Quote only the lines that start at the line with "Sometimes the groove" and run to the end of the entries; omit the pictures.

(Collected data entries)
☆ ☆ ☆ ☆ ☆

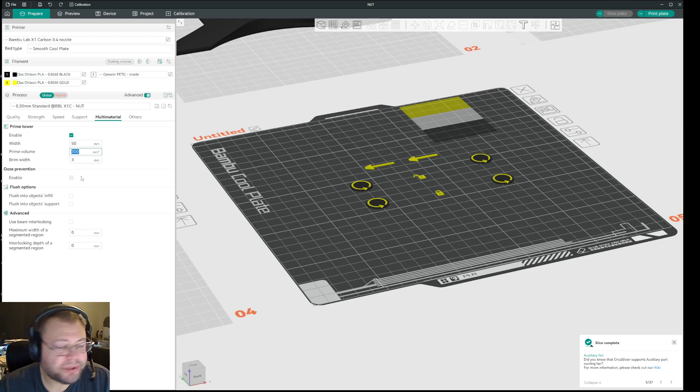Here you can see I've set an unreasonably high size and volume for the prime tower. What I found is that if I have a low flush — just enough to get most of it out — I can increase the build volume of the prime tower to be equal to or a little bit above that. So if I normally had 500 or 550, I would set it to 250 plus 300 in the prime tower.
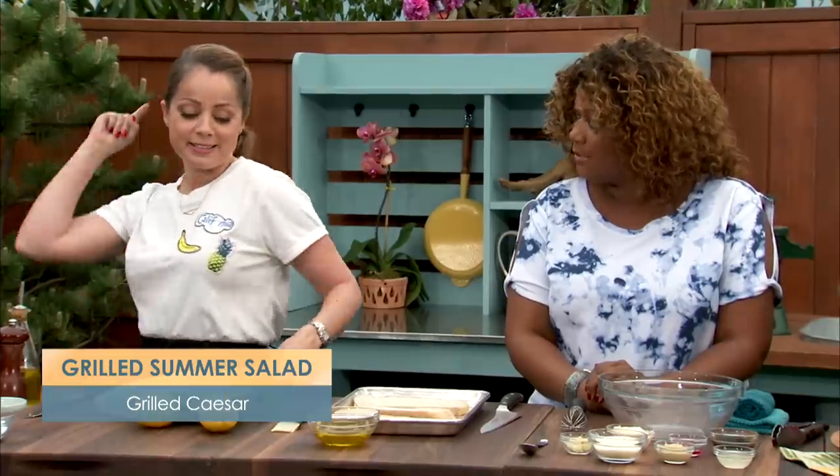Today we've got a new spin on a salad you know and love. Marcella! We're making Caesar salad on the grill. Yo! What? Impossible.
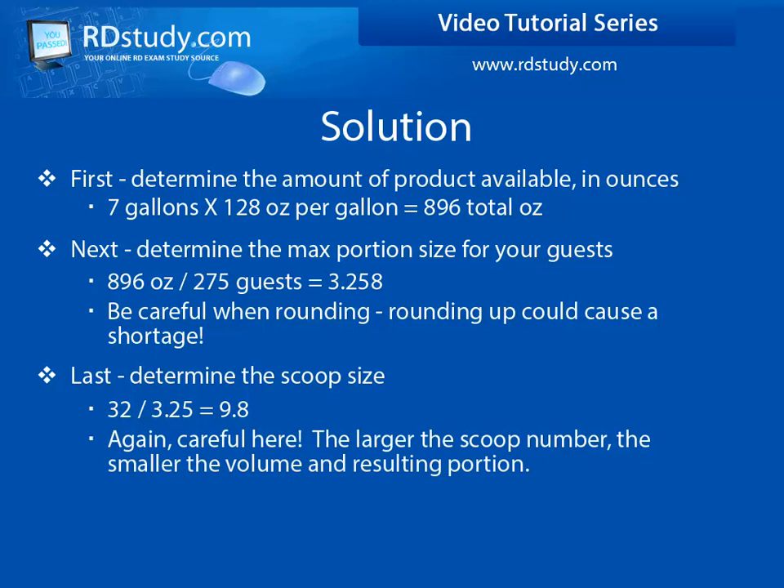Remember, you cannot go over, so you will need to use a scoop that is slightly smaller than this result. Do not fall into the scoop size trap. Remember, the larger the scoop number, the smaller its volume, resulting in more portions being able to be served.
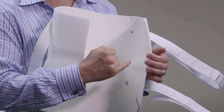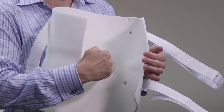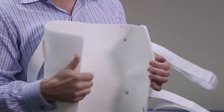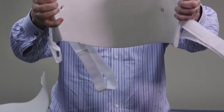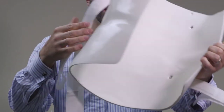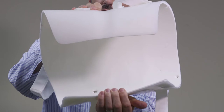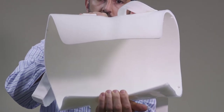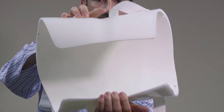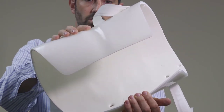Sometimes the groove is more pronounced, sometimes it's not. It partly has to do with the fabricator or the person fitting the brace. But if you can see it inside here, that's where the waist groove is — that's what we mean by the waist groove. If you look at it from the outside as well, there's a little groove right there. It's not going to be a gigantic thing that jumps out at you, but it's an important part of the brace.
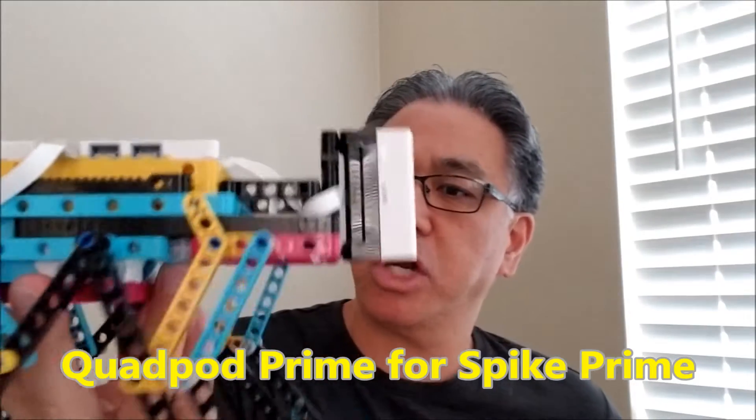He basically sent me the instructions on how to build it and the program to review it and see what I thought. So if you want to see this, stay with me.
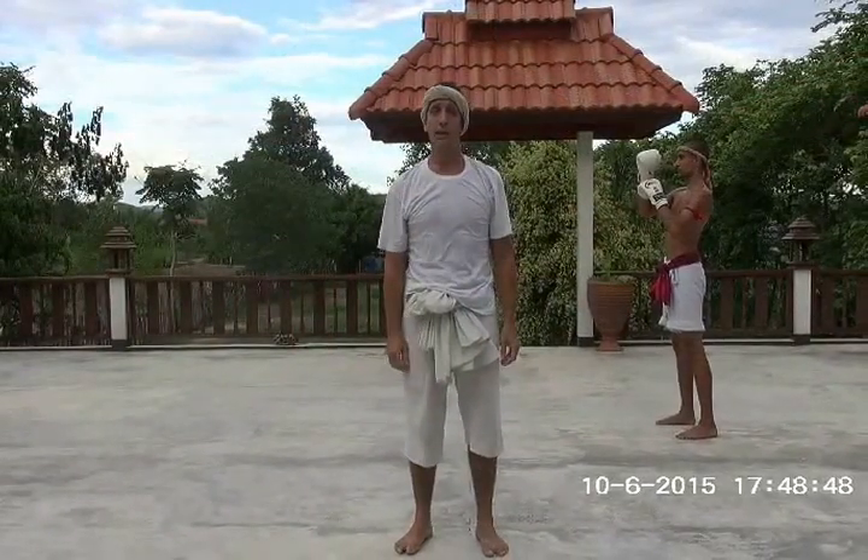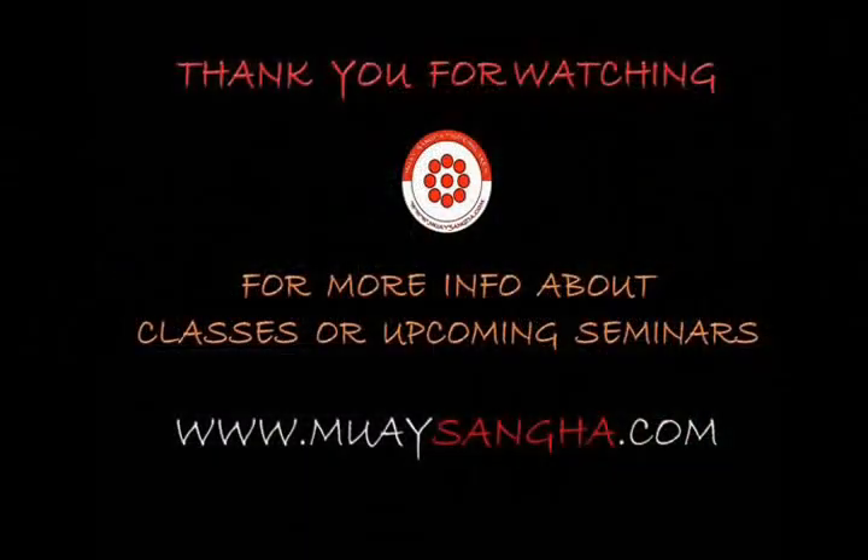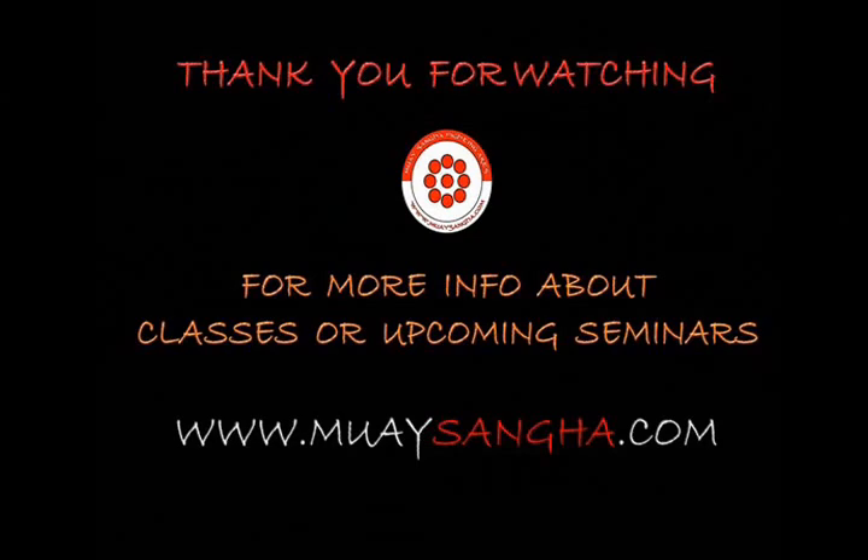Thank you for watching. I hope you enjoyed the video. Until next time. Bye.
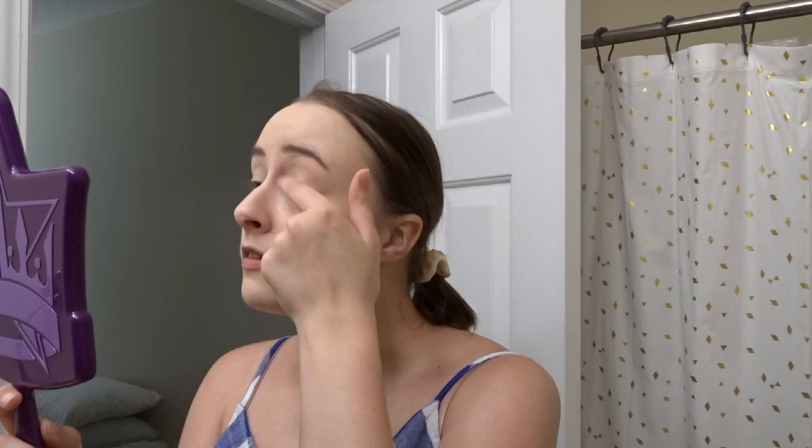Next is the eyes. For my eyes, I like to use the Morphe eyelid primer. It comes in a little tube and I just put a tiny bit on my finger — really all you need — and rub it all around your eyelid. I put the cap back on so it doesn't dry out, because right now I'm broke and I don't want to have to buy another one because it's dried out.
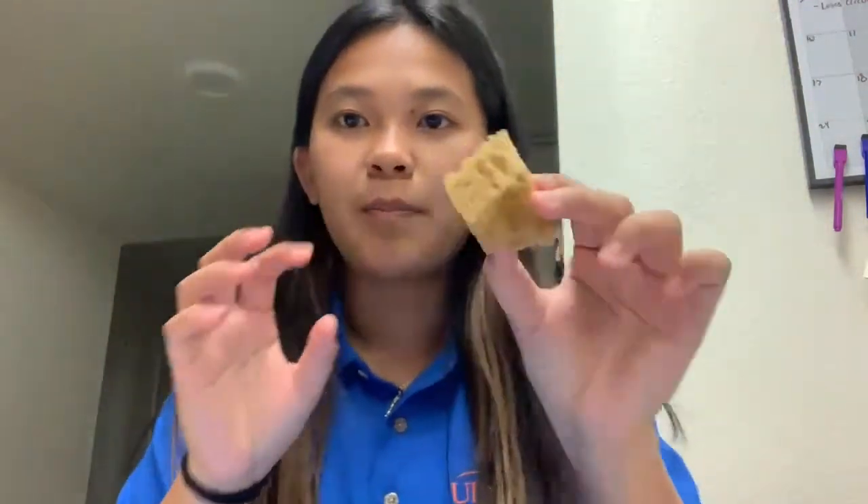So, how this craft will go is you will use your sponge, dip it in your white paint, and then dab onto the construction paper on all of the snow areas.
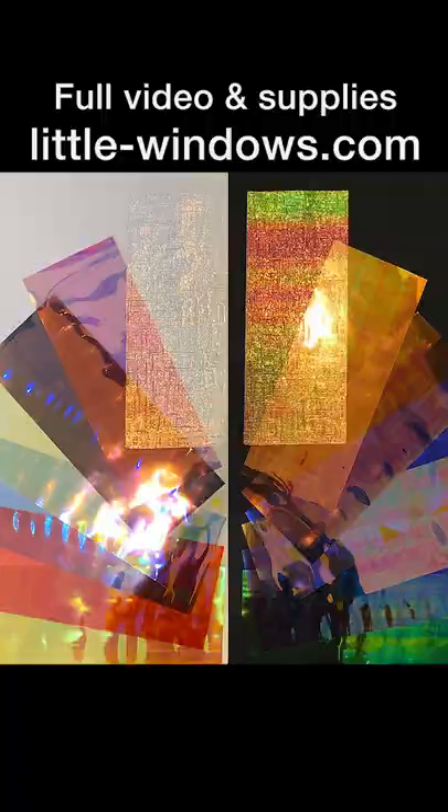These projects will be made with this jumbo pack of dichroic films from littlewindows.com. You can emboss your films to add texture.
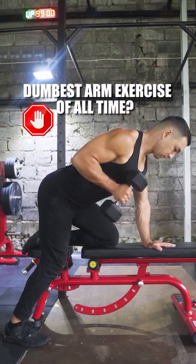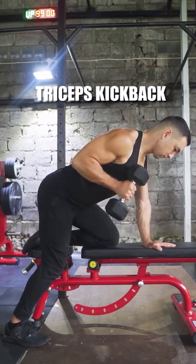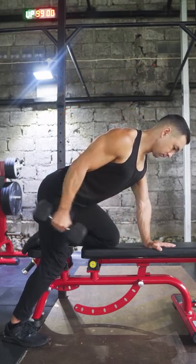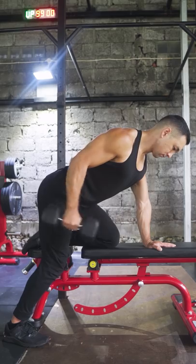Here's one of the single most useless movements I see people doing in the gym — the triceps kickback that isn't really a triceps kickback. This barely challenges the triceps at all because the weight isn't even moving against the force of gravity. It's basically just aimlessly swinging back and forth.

☆ ☆ ☆ ☆ ☆

Written reply:
Sometimes the groove is more pronounced, sometimes it's not. It partly has to do with the fabricator or the person fitting the brace. But if you can see it inside here, that's where the waist groove is — that's what we mean by the waist groove. If you look at it from the outside as well, there's a little groove right there. It's not going to be a gigantic thing that jumps out at you, but it's an important part of the brace.
He basically sent me the instructions on how to build it and the program to review it and see what I thought. So if you want to see this, stay with me.
Thank you for watching. I hope you enjoyed the video. Until next time. Bye.
Next is the eyes. For my eyes, I like to use the Morphe eyelid primer. It comes in a little tube and I just put a tiny bit on my finger — really all you need — and rub it all around your eyelid. I put the cap back on so it doesn't dry out, because right now I'm broke and I don't want to have to buy another one because it's dried out.
So, how this craft will go is you will use your sponge, dip it in your white paint, and then dab onto the construction paper on all of the snow areas.
These projects will be made with this jumbo pack of dichroic films from littlewindows.com. You can emboss your films to add texture.
Here's one of the single most useless movements I see people doing in the gym — the triceps kickback that isn't really a triceps kickback. This barely challenges the triceps at all because the weight isn't even moving against the force of gravity. It's basically just aimlessly swinging back and forth.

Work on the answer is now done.